In den Jahren 1993 - 2001 haben der Bund und das Land Niedersachsen das Naturschutzgroßprojekt "Krähenbeer-Küstenheiden" mit einem Gesamt-Mittelvolumen in Höhe von 4,0 Millionen Euro gefördert. Die Krähenbeer-Küstenheiden haben damit den Status eines Gebietes von gesamtstaatlicher repräsentativer Bedeutung (GR-Gebiet). Projektträger war die Stadt Cuxhaven.

Geestkliff
Blick vom heidebewachsenen Geestkliff Richtung Wattenmeer

Im Rahmen des GR-Projektes konnten über 100 Hektar Fläche in den Kerngebieten aus Projektmitteln angekauft werden, die für den Arten- und Biotopschutz weiterentwickelt wurden. So wurden auf ca. 40 ha Heideflächen Pflegemaßnahmen (Entkusselung und kleinflächiges Plaggen von rohhumusreichen Heiden) durchgeführt. Etwa 25 ha Acker- und Grünlandflächen wurden durch Mahd oder Beweidung bzw. Ackerbau ohne Zugabe von Dünger ausgehagert. Dieser Nährstoffentzug ist die Voraussetzung, um auf den ehemals landwirtschaftlich genutzten Flächen wieder Heiden zu entwickeln.

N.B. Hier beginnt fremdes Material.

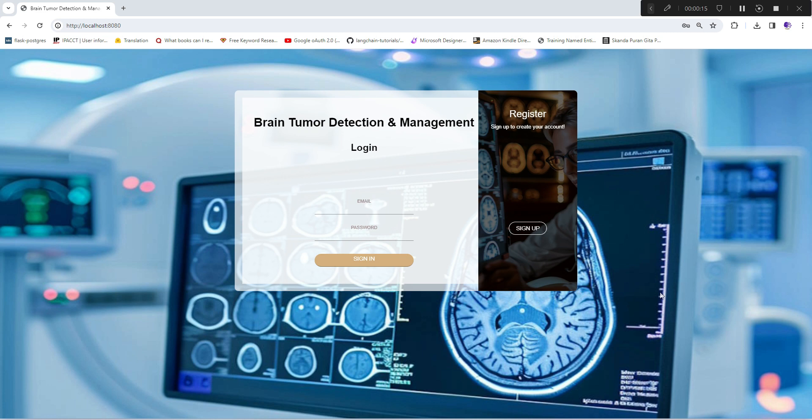In that series, I showed you complete model development including dataset, data preprocessing, and every step. If you haven't seen it, quickly visit and see how you can build a brain tumor detection model.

In Nadelforstbeständen wurde ein anderes Konzept entwickelt. Hier wurden ca. 20 ha Forstflächen so stark aufgelichtet und anschließend durchweidet, dass sich Heidekräuter im Unterwuchs entwickeln und halten können. Darüber hinaus wurden Neophyten (Späte Traubenkirsche und Hundsrose) bekämpft und fanden Maßnahmen zur Besucherlenkung statt.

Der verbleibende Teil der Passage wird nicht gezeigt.